You simply need a circular array of 1000 elements, where you add the element to the previous element and store it... It becomes an increasing sum, where you can always get the sum between any two pairs of elements, and divide by the number of elements between them, to yield the average.

您只需要一个包含 1000 个元素的圆形数组，在其中将元素添加到前一个元素并将其存储......它变成了一个递增的总和，您始终可以得到任意两对元素之间的总和，然后除以数字它们之间的元素，以产生平均值。

If your needs are simple, you might just try using an exponential moving average.

如果您的需求很简单，您可以尝试使用指数移动平均线。

http://en.wikipedia.org/wiki/Moving_average#Exponential_moving_average

http://en.wikipedia.org/wiki/Moving_average#Exponential_moving_average

Put simply, you make an accumulator variable, and as your code looks at each sample, the code updates the accumulator with the new value. You pick a constant "alpha" that is between 0 and 1, and compute this:

简而言之，您创建了一个累加器变量，当您的代码查看每个样本时，代码会使用新值更新累加器。您选择一个介于 0 和 1 之间的常量“alpha”，然后计算：

accumulator = (alpha * new_value) + (1.0 - alpha) * accumulator

You just need to find a value of "alpha" where the effect of a given sample only lasts for about 1000 samples.

您只需要找到一个“alpha”值，其中给定样本的效果仅持续大约 1000 个样本。

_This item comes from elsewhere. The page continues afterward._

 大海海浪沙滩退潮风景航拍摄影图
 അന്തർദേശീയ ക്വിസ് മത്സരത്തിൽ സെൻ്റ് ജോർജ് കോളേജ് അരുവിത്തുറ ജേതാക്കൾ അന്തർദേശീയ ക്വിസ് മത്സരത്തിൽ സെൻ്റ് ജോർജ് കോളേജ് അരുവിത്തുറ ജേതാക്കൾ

Hmm, I'm not actually sure this is suitable for you, now that I've put it here. The problem is that 1000 is a pretty long window for an exponential moving average; I'm not sure there is an alpha that would spread the average over the last 1000 numbers, without underflow in the floating point calculation. But if you wanted a smaller average, like 30 numbers or so, this is a very easy and fast way to do it.

嗯，我不确定这是否适合你，现在我已经把它放在这里了。问题是 1000 是指数移动平均线的一个相当长的窗口；我不确定是否有一个 alpha 可以将平均值分布在最后 1000 个数字上，而不会在浮点计算中出现下溢。但是如果你想要一个更小的平均值，比如 30 个左右的数字，这是一个非常简单快捷的方法。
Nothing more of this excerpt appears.